What to do. Print word for word the first line of the listing below and every line after it, through the line with "Birthday Cakes with Numbered Candles Set". Leave out the pictures and the rest.

Supplied data.
>>

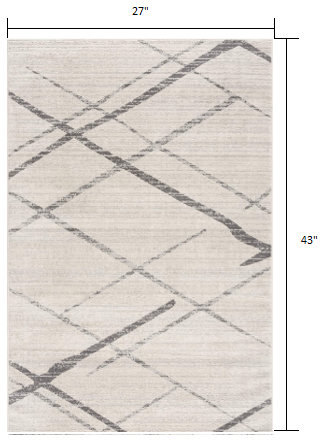 HomeRoots 2’ x 4’ Modern Abstract Pattern Area Rug in Gray Finish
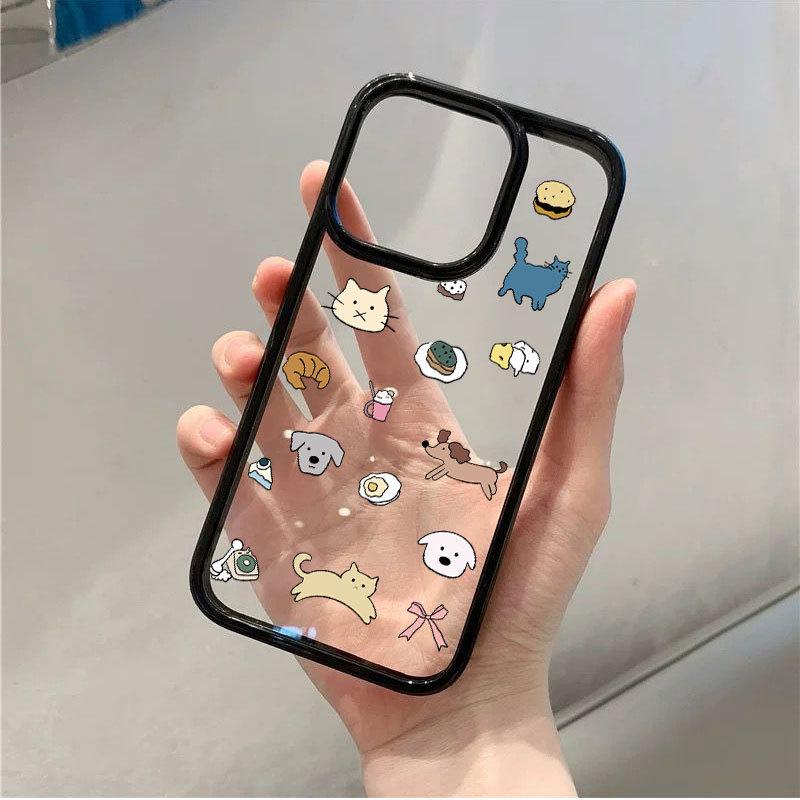 Cartoon Small Animals Are Suitable for Apple 15 16promax Mobile Phone Case 11 Anti-drop 14pro Hard Case Black Frame 17pro.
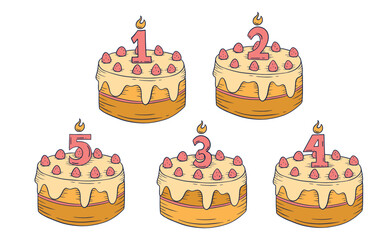 Birthday Cakes with Numbered Candles Set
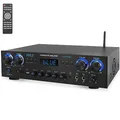 Produktbild: Pyle Amplifier, 800W Bluetooth Verstärker – 4-Kanal Mini Amp mit MP3, USB, AUX, SD, Mikrofon, FM, RCA, Reverb/Delay – Stereo für Heimkino, Studio & Theater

<<

Response box.
 HomeRoots 2’ x 4’ Modern Abstract Pattern Area Rug in Gray Finish
 Cartoon Small Animals Are Suitable for Apple 15 16promax Mobile Phone Case 11 Anti-drop 14pro Hard Case Black Frame 17pro.
 Birthday Cakes with Numbered Candles Set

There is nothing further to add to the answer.